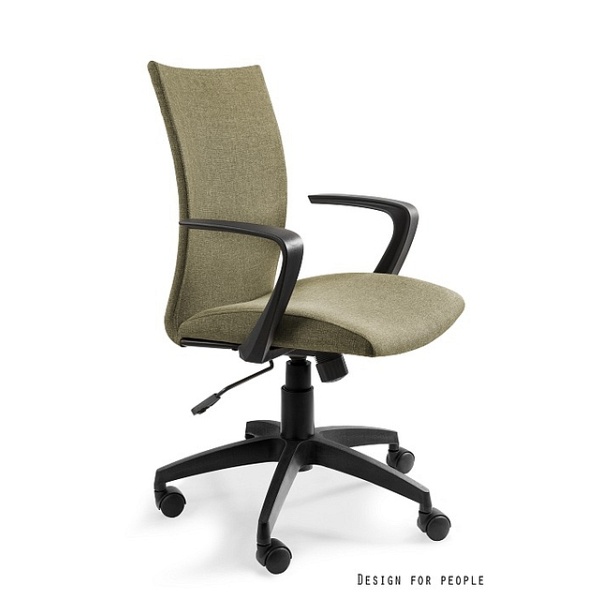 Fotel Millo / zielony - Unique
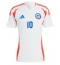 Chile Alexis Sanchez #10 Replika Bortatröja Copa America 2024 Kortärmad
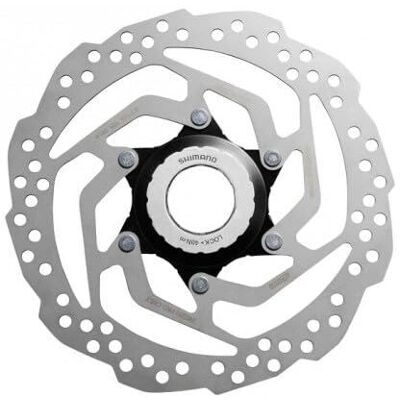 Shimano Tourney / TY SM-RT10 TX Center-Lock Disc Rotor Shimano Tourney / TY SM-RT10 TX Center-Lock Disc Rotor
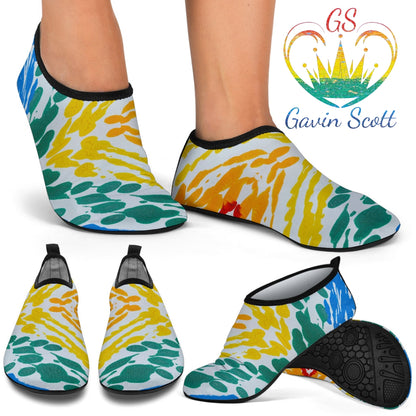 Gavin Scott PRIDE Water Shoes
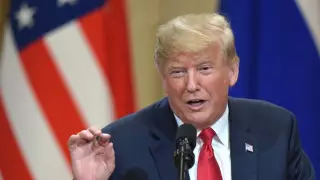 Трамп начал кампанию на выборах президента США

------------------------------------------------------------

## INSTRUCTIONS TO FOLLOW
Pictures in the records are to be left out; repeat everything else exactly.

## EXERCISE OUTPUT
 Fotel Millo / zielony - Unique
 Chile Alexis Sanchez #10 Replika Bortatröja Copa America 2024 Kortärmad
 Shimano Tourney / TY SM-RT10 TX Center-Lock Disc Rotor Shimano Tourney / TY SM-RT10 TX Center-Lock Disc Rotor
 Gavin Scott PRIDE Water Shoes
 Трамп начал кампанию на выборах президента США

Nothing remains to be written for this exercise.